---------- PROVIDED ENTRIES

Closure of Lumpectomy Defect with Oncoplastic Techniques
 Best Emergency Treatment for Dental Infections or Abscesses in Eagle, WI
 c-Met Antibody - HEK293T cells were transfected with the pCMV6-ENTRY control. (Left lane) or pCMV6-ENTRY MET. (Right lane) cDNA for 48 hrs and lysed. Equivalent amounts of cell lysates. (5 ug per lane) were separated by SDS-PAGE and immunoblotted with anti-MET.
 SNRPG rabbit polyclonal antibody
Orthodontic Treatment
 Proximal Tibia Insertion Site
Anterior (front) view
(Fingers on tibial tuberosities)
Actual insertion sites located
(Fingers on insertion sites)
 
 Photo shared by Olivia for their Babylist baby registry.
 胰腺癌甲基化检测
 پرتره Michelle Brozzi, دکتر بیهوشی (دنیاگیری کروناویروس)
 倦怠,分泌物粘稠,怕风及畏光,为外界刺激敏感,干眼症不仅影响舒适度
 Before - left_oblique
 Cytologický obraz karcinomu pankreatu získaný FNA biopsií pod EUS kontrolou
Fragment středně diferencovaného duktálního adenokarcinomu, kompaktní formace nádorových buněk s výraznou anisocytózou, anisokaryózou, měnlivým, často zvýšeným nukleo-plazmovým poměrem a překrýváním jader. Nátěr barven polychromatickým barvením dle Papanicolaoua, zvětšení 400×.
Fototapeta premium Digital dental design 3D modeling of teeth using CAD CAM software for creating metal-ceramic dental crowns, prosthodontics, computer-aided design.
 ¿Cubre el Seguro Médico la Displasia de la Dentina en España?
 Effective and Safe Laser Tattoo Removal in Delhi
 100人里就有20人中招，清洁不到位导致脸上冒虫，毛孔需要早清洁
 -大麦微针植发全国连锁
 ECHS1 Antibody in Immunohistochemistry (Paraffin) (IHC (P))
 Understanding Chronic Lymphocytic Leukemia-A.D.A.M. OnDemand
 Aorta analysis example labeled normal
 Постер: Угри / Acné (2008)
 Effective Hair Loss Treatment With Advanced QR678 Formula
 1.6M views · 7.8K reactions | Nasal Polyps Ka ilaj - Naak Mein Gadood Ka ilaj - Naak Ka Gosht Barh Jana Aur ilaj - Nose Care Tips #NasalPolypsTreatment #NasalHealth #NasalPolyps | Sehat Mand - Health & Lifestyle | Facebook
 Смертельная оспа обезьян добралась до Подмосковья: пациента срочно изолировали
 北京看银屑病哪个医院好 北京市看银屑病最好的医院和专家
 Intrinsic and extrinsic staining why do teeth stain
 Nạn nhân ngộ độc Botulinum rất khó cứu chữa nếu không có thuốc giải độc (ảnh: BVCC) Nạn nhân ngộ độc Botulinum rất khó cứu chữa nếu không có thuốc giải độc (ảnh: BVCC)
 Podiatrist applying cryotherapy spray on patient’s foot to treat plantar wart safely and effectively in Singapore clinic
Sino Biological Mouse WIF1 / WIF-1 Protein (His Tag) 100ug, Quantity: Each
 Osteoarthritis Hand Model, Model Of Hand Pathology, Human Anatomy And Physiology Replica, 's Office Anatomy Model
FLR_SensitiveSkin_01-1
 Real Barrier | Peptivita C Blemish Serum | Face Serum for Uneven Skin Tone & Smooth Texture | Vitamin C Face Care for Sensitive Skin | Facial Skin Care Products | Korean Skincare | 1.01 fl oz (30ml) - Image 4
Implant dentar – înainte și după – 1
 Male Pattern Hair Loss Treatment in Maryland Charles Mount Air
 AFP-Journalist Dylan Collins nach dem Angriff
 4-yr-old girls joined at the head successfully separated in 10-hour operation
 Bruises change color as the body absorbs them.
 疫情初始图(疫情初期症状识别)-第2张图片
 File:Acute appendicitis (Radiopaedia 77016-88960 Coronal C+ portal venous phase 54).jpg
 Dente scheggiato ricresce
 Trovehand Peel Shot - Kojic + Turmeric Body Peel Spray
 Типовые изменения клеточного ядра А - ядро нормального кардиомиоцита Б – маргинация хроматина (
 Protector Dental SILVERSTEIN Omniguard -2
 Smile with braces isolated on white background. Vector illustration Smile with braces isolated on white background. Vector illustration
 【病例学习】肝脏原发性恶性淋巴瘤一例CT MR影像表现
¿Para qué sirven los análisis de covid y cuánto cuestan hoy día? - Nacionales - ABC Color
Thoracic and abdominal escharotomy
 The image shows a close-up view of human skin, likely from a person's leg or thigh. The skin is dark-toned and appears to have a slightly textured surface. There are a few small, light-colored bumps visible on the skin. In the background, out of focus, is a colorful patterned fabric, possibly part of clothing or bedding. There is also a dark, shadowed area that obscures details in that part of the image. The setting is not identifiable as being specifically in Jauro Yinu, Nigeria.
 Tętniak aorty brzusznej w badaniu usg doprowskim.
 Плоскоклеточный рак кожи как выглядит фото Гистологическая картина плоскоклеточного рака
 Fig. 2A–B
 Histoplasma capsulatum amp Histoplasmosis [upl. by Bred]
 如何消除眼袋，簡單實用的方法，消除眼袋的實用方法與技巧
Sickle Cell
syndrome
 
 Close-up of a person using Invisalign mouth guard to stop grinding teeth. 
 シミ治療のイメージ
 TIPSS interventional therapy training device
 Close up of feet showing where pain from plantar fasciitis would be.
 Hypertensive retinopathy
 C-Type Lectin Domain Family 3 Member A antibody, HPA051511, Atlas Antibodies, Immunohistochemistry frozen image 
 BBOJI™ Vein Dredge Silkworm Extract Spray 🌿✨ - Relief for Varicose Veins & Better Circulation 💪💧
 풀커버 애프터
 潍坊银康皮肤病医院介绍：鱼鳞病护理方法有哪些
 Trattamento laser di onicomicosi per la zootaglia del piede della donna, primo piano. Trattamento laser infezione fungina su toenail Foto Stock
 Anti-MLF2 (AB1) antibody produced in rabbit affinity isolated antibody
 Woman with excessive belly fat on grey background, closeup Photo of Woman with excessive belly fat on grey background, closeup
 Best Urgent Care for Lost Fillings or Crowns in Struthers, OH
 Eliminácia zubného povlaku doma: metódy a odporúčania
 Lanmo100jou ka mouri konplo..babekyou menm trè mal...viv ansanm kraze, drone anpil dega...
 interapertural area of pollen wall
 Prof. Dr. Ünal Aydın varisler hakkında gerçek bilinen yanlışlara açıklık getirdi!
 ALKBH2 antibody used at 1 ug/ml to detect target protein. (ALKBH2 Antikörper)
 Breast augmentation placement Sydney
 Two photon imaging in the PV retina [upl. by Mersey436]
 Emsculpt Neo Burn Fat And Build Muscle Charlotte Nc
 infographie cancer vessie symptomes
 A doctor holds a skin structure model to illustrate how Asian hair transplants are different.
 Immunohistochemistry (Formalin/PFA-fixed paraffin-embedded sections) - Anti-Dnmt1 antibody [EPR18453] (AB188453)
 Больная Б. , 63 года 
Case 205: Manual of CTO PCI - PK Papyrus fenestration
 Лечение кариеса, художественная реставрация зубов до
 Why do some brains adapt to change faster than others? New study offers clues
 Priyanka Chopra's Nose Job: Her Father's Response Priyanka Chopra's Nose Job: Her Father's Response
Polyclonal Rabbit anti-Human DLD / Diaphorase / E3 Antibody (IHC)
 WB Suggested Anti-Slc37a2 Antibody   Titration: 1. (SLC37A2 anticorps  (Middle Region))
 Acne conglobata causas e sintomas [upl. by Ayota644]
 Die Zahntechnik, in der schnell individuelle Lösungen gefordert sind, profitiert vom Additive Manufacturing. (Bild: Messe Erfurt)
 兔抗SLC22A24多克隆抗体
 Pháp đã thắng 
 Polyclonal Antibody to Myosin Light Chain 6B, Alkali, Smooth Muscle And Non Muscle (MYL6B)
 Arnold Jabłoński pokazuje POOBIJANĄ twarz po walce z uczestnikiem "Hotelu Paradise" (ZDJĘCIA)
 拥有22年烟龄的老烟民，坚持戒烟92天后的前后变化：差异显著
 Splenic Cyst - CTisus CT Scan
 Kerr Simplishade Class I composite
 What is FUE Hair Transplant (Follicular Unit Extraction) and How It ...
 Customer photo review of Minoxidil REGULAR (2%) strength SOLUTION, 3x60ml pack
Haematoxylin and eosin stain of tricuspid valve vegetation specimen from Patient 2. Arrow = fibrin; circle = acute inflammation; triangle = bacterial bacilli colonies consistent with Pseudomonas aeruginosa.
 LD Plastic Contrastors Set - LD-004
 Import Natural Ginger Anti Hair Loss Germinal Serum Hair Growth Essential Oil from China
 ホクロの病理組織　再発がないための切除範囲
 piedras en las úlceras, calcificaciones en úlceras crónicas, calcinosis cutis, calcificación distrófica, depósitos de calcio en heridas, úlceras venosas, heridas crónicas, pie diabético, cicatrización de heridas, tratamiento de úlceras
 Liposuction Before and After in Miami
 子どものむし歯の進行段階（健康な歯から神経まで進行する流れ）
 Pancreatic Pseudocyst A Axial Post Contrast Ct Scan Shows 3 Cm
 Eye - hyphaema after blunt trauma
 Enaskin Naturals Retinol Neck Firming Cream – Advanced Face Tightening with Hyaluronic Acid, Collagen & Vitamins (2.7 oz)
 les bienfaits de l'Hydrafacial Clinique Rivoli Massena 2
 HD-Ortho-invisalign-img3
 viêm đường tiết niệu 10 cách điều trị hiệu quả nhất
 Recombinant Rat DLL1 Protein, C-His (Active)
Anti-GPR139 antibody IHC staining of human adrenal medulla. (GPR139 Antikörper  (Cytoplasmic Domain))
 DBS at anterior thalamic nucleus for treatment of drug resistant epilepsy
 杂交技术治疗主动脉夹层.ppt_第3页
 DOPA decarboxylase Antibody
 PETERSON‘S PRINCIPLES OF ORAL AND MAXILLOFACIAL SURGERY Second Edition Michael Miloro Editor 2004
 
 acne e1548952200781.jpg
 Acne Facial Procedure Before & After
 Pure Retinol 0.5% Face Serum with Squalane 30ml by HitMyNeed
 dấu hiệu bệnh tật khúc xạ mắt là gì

--------------------

* [PROBLEM TO WORK ON]: Your answer should be the exact lines above from the one with "Case 205: Manual" through the one with "Pancreatic Pseudocyst A", both included, and nothing besides.

* [RESULT OF THE TASK]:
Case 205: Manual of CTO PCI - PK Papyrus fenestration
 Лечение кариеса, художественная реставрация зубов до
 Why do some brains adapt to change faster than others? New study offers clues
 Priyanka Chopra's Nose Job: Her Father's Response Priyanka Chopra's Nose Job: Her Father's Response
Polyclonal Rabbit anti-Human DLD / Diaphorase / E3 Antibody (IHC)
 WB Suggested Anti-Slc37a2 Antibody   Titration: 1. (SLC37A2 anticorps  (Middle Region))
 Acne conglobata causas e sintomas [upl. by Ayota644]
 Die Zahntechnik, in der schnell individuelle Lösungen gefordert sind, profitiert vom Additive Manufacturing. (Bild: Messe Erfurt)
 兔抗SLC22A24多克隆抗体
 Pháp đã thắng 
 Polyclonal Antibody to Myosin Light Chain 6B, Alkali, Smooth Muscle And Non Muscle (MYL6B)
 Arnold Jabłoński pokazuje POOBIJANĄ twarz po walce z uczestnikiem "Hotelu Paradise" (ZDJĘCIA)
 拥有22年烟龄的老烟民，坚持戒烟92天后的前后变化：差异显著
 Splenic Cyst - CTisus CT Scan
 Kerr Simplishade Class I composite
 What is FUE Hair Transplant (Follicular Unit Extraction) and How It ...
 Customer photo review of Minoxidil REGULAR (2%) strength SOLUTION, 3x60ml pack
Haematoxylin and eosin stain of tricuspid valve vegetation specimen from Patient 2. Arrow = fibrin; circle = acute inflammation; triangle = bacterial bacilli colonies consistent with Pseudomonas aeruginosa.
 LD Plastic Contrastors Set - LD-004
 Import Natural Ginger Anti Hair Loss Germinal Serum Hair Growth Essential Oil from China
 ホクロの病理組織　再発がないための切除範囲
 piedras en las úlceras, calcificaciones en úlceras crónicas, calcinosis cutis, calcificación distrófica, depósitos de calcio en heridas, úlceras venosas, heridas crónicas, pie diabético, cicatrización de heridas, tratamiento de úlceras
 Liposuction Before and After in Miami
 子どものむし歯の進行段階（健康な歯から神経まで進行する流れ）
 Pancreatic Pseudocyst A Axial Post Contrast Ct Scan Shows 3 Cm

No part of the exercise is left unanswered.